Ben Lilly was probably the best hunter in American history. Makes Daniel Boone look like a total sissy. He was so effective that he is the reason there aren't grizzlies and cougar in many states. He believed he was on a mission from god to kill every animal that could prey on humans. Teddy Roosevelt said he was the toughest man he ever met. Worth reading up on!


----------



## Joe Brandon (Oct 12, 2019)

https://www.gon.com/hunting/high-hunter-success-north-georgia-bear-dog-hunts


----------



## Buckman18 (Oct 12, 2019)

For what its worth, there's still at least 1 bear using Chattahoochee.  Saw him Thursday PM on the way home from work crossing the highway between the airstream park and the pull off with the NF on 75. Maybe 100 pounds, at most. I got out and ran after him and tried to catch him. As i was getting closer, i clotheslined myself on a laurel limb. It was his lucky day.


----------



## Christian hughey (Oct 12, 2019)

kevin17 said:


> Help me understand why a bear in general is on such a high pedestal. Any where a bear lives it is on a higher standard than other big game animals. I don’t get why they are such a sensitive subject. They smell like a dog and after skinning one it’s like you stuck your hands in a bucket of crisco. They destroy trees that produce for other wild life before it even hits the ground.


Just dont understand! Why do people do half the dumb things they do. No ones place to judge another for what they prefer.


----------



## kevin17 (Oct 12, 2019)

Christian hughey said:


> Just dont understand! Why do people do half the dumb things they do. No ones place to judge another for what they prefer.

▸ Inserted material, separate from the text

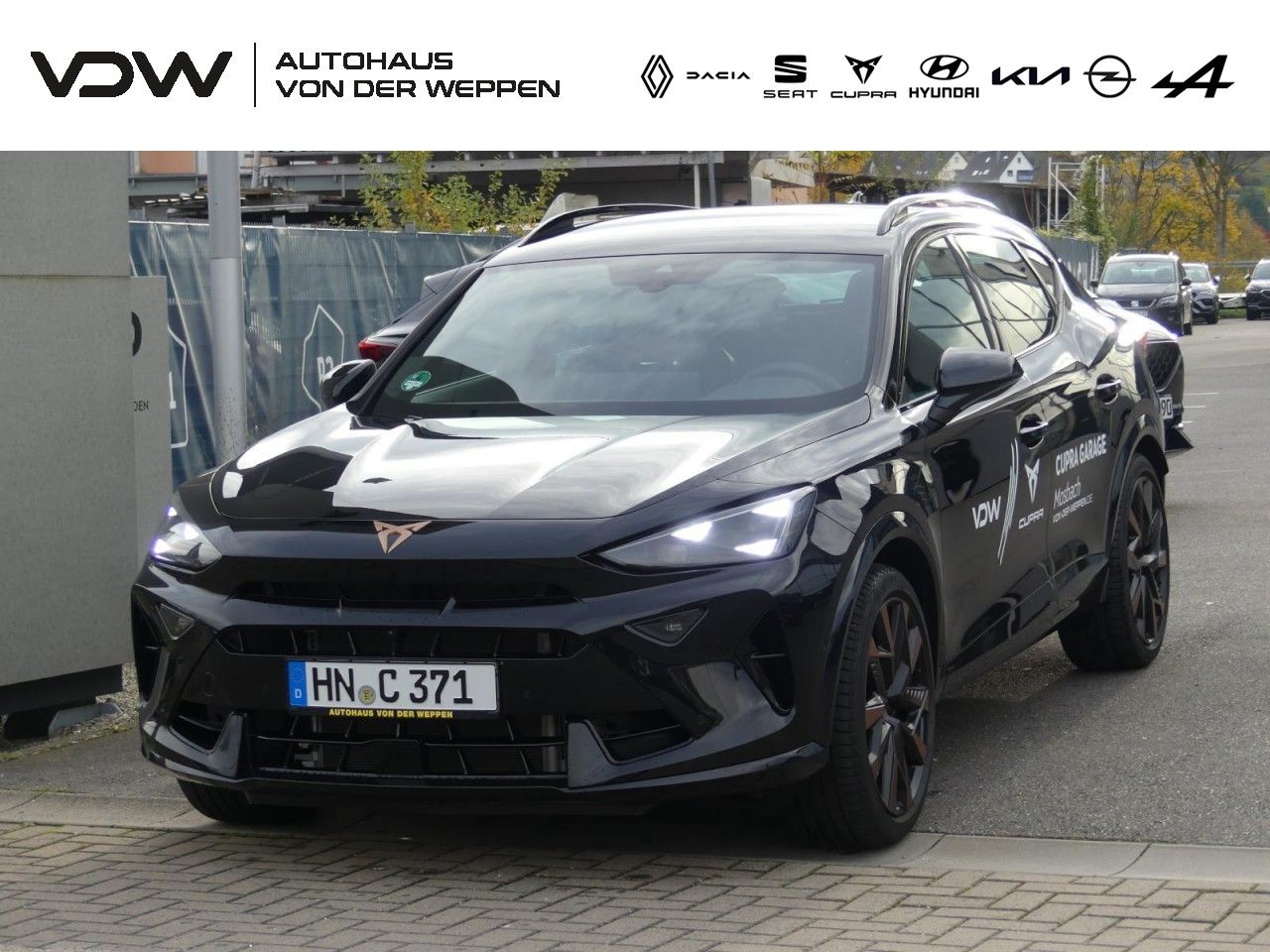 Cupra Formentor VZ TSI DSG 4Drive AHK Sennheise Matrix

I  Wasn’t judging anybody. I just hate bears.


----------



## Christian hughey (Oct 12, 2019)

But from a big game hunters perspective, I love the challenge and the different opportunity for a true trophy. I look at a 400 lb. black bear with the same excitement and intensity as any trophy whitetail or bull elk for that matter. The bear is an awesome critter and definitely has its place in the wild far as I'm concerned. Now do I want them over populated and sneaking in your home for a midnight snack, no of course not but a happy medium would be nice.


----------



## JustUs4All (Oct 12, 2019)

Al Medcalf said:


> No apologies from me, I learned a long time ago not to say something that I don't mean



I think you have missed the point Al.  Often the way something is said gets in the way of what was actually said.  There can definitely be a wrong way to say a right thing.


----------



## Big7 (Oct 12, 2019)

Y'all know I'm well entrenched in the "if it's legal" camp.

My opinion is that large game should not be "hunted" with dogs. That simply is not "fair chase"- IMO.

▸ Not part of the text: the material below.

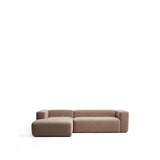 3-Sitzer-Sofa Blok mit Chaiselongue links in Chenille, 300 cm, FSC Mix Credit von Kave Home – Bild 1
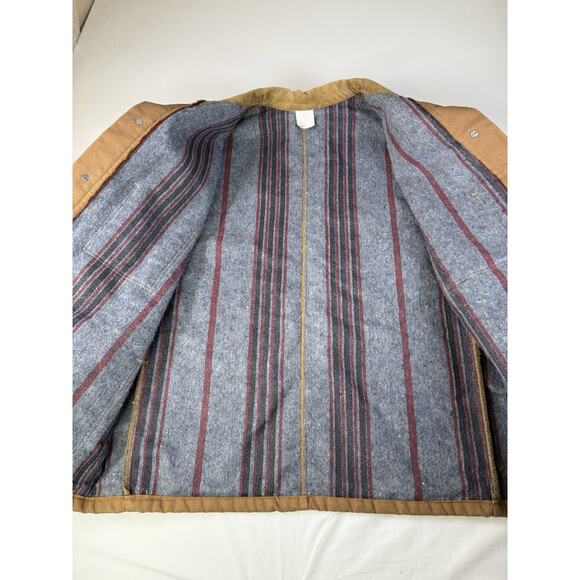 Vintage Stress Caboose Canvas Work Jacket Size 50 - Picture 10 of 14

To me- it's a dogs place to track and recover lawfully wounded game. Not "hunt".

My 2 cents.


----------



## Nicodemus (Oct 12, 2019)

Big7 said:


> Y'all know I'm well entrenched in the "if it's legal" camp.
> 
> My opinion is that large game should not be "hunted" with dogs. That simply is not "fair chase"- IMO.
> 
> ...




Hunting with dogs is an old time tradition that goes back to the early days of this country. It`s an honorable way to hunt.


----------



## Hillbilly stalker (Oct 12, 2019)

Even the Indians used dogs .


----------



## NGA44 (Oct 12, 2019)

Big7 said:


> Y'all know I'm well entrenched in the "if it's legal" camp.
> 
> My opinion is that large game should not be "hunted" with dogs. That simply is not "fair chase"- IMO.
> 
> ...



Have you ever hunted with dogs?


----------



## NCMTNHunter (Oct 12, 2019)

If hunting big game with dogs is not fair chase then hunting anything with dogs is not fair chase. If hunting anything with dogs is not fair chase then fair chase doesn’t exist.


----------



## Christian hughey (Oct 13, 2019)

NCMTNHunter said:


> If hunting big game with dogs is not fair chase then hunting anything with dogs is not fair chase. If hunting anything with dogs is not fair chase then fair chase doesn’t exist.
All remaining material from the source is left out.